Águas baixam, mas estrago das hidrelétricas permanece

Rio Madeira começa a baixar da maior cheia de sua história, mas os rumos da política energética brasileira ainda precisam mudar, segundo ativista.

Por Christian Poirier.*

BR 364

O senador Jorge Viana (PT-AC) divulgou, em sua página no Facebook, imagem que mostra que a estrada BR 364 começa a ressurgir das águas barrentas do Madeira. Os prejuízos da cheia histórica começam a ser calculados, assim como o papel das usinas

Albert Einstein disse que “não podemos resolver problemas pensando da mesma maneira que quando os criamos.” É evidente que as autoridades do governo brasileiro responsáveis pelo planejamento energético não levam em consideração tal sabedoria ao continuar promovendo o uso de usinas hidrelétricas em resposta à última crise energética no país, pondo em risco os povos da Amazônia, rios e florestas. Mas os ventos das mudanças climáticas continuam a soprar, trazendo o período de secas e inundações catastróficas que poderiam levar esse castelo de cartas por água abaixo.

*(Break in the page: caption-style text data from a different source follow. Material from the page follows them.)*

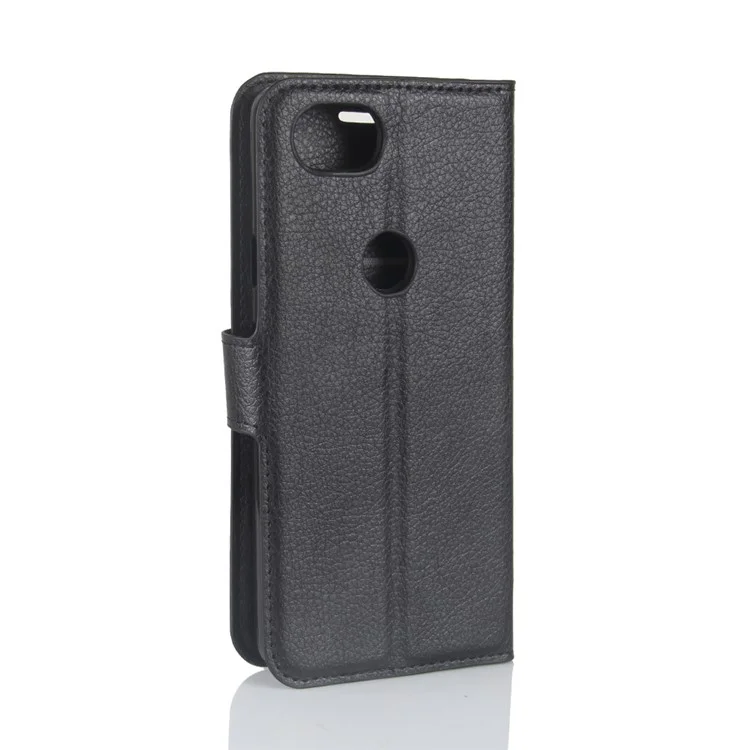 Litchi Skin Wallet Leather Stand Case for Google Pixel 2 XL - Black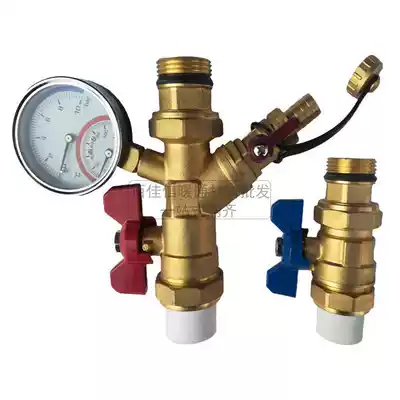 Floor heating valve water separator multi-function ball valve Copper color valve with sewage temperature and pressure gauge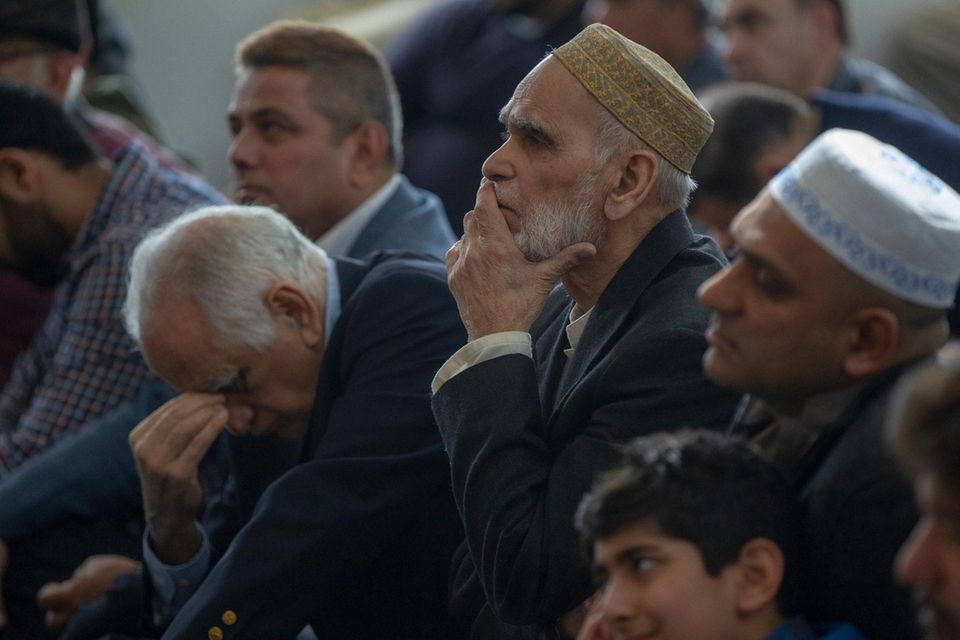 Muslim worshipers at Islamic Center of Long Island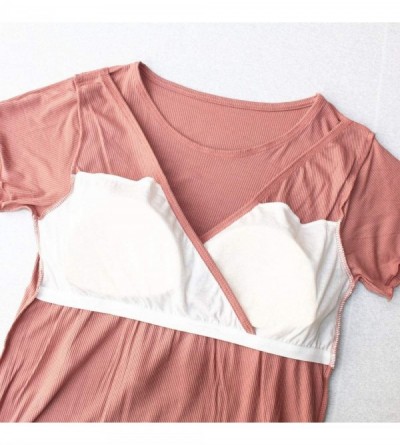 Sets Womens Causal Nurisng Pajamas/pjs Modal Maternity Breastfeeding Sleepwear Summer Short Sleeves Shirts Sets Deep Pink - C...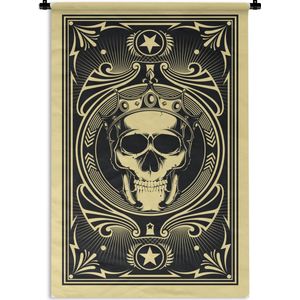 Wandkleed Speelkaarten - Illustratie van een speelkaart met een schedel Wandkleed katoen 60x90 cm - Wandtapijt met foto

Durante dois anos seguidos, as secas têm atingido o Sudeste do Brasil e o governo vem maximizando o uso de energia suja e cara produzidas pelas termelétricas para atender a demanda energética do país. Historicamente, a falta de água nos rios e reservatórios paralisam o uso das turbinas nas usinas em um país altamente dependente da energia hídrica. Na verdade, quase 80% da energia do Brasil é produzida em barragens, construídas com base no pressuposto de que os padrões de precipitação permanecerão regulares e constantes. O estragos criados pelas imprevisíveis mudanças climáticas contrariam esse modelo energético.

A queda de energia põe em risco o abastecimento de eletricidade no país. Essas cenas de déjà vu têm criado insatisfação e aumentado o escrutínio público sobre o governo da Dilma Rousseff em um momento crítico, já que este é ano eleitoral. No entanto, enquanto esta situação cria uma demanda por inovação e visão para liderar o país através de um modelo energético mais diversificado, limpo e dinâmico, os responsáveis pelo planejamento do governo insistem que a atual crise no setor hidrelétrico exige que o país deva construir mais barragens! Einstein deve estar revirando-se nesse momento.

Enquanto isso, na Amazônia, onde a construção de barragens continua sendo uma prioridade que ameaça os direitos humanos e destrói o meio ambiente, inundações catastróficas abriram e desvendaram outro “buraco” nos planos do governo. As mega-barragens de Santo Antônio e Jirau, construídas no percurso do Rio Madeira, são conhecidas por serem as primeiras barragens na Amazônia durante o governo do PT. Ao invés de aumentar a produção de energia no Brasil, essas barragens estão criando mais inundações no Rio Madeira como nunca visto antes. Apenas agora é que as águas estão começando a baixar, depois de mais de um mês de cheia extrema, com impactos provavelmente ampliados pelos lagos das usinas.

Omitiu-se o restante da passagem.